“Thank you.” I’m still never going to work for you again—cookie farts.
As if knowing my thoughts, he punched in a number using more force than necessary, jerking back at a jump of static when he hit enter. “You okay?” I asked as he rubbed his fingertip and settled into the seat.
“Short in the wire.”
But his concern was far more than a poke of electricity would warrant. “You’re not immune to a sniper spell,” I grumbled suspiciously as the bar rose. Unease growing, I waved sourly at the camera as we drove through. Backroom illegal deals. Nice. My mom would freak out. At least it was over and nothing had happened.
Working the pedals like a professional driver, Trent picked up speed as he swerved through a maze of boat cradles. We were still on the marina’s property, but gradually the cradles became empty, older, and covered in weeds until they were gone. The road began rising, and slowly the tension of our discussion was pulled away in wind of our passage.
That is, until he drove right past our turnoff. I spun in my seat, hair flying into my face when I looked back. “You missed the turn,” I said, and he shook his head, grim as he rubbed his fingertip.
“Takes too long to get back into the city that way,” he said, slowing suddenly to take a sharp right turn.
“Are you kidding me?” I shouted, hands going to grip the dash and door as he spun the little car onto a dirt road that looked as if it was made for donkeys, not beamers. “Trent, it’s got to be like a thirty-degree grade!” What was this? Some way to get back at me?
Trent had one hand clenched on the wheel, the other on the shifter. “Road less traveled.”

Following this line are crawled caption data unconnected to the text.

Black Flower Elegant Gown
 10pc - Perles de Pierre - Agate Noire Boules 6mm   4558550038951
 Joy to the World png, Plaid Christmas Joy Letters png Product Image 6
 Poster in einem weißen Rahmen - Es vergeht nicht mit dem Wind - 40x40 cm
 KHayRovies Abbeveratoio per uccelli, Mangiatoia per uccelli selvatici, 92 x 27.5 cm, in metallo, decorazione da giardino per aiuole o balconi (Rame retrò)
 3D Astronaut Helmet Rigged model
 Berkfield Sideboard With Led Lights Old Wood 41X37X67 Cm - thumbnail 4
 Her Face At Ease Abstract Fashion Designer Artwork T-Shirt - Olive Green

Okay, this was freaky weird, and I held on as he took the switchbacks, tires spinning on the gravel and the scrub and trees closing in over us. He was tense, preoccupied—thinking thoughts he wasn’t going to share with me. The headlights bobbed wildly, and I couldn’t even tell why they even had this road. It looked as if it went right up to Edden Park—if you could manage the climb.
“Trent!” I cried, eyes widening as the lights found a dip in the road the size of Manhattan.
Jaw tight, Trent swerved. The lights flashed into the scrub, then we bounced off the shoulder and back onto the road. Adrenaline flashed through me.
“Look out!” I yelled, wanting to point but afraid to let go. Someone was in the road. Someone was just standing in the middle of the friggin’ road!
Trent slammed his feet onto the brakes. My head swung forward, and the seatbelt cut into me. The car spun a quarter circle, and with a harsh revving, the engine stalled.
The sudden quiet was like a slap. Heart pounding, I held the car door and dash, trying to figure out if we’d hit the guy.
“Don’t do this to me,” Trent breathed, almost frantic as he tried to get the engine to turn over, but the convertible was unhappy at being asked to be an off-road vehicle and refused to start.
The moon couldn’t make it through the trees. It was dark, and as the engine wined and the lights dimmed from the draw on the battery, I tried to see what happened to the guy in the road. I hadn’t felt a thump.
This is not a good place to be. I wasn’t afraid of the dark, but even though we were inside the city limits, we were a good five-minute walk from anything. And where was that man who had caused it all?
The hair on the back of my neck began to prick. “Stay in the car.” The seatbelt retracted, and I slung my bag over my shoulder and reached for the door. Trent, though, was already halfway out, his motions smooth with decision.
“Stay here,” he demanded, using that voice that usually got other people to do what he wanted. “Stay down.”
“Hey!” I exclaimed, affronted. “I’m the one doing security here. Trent!”
But he was gone, the door eased to a clicked shut.
Ticked, I shoved the door open and followed him out. Head up and eyes scanning, I dug in my shoulder bag for my splat gun. The road was silent under me, soft with loose soil. I was leaving footprints. The wind blew up from the river below. We were halfway between nothing and everything. Creeped out, I sent a sliver of my awareness out to tap the nearest ley line.
Energy eased into me, spilling along my synapses and neurons, gathering to a warm pool in my chi.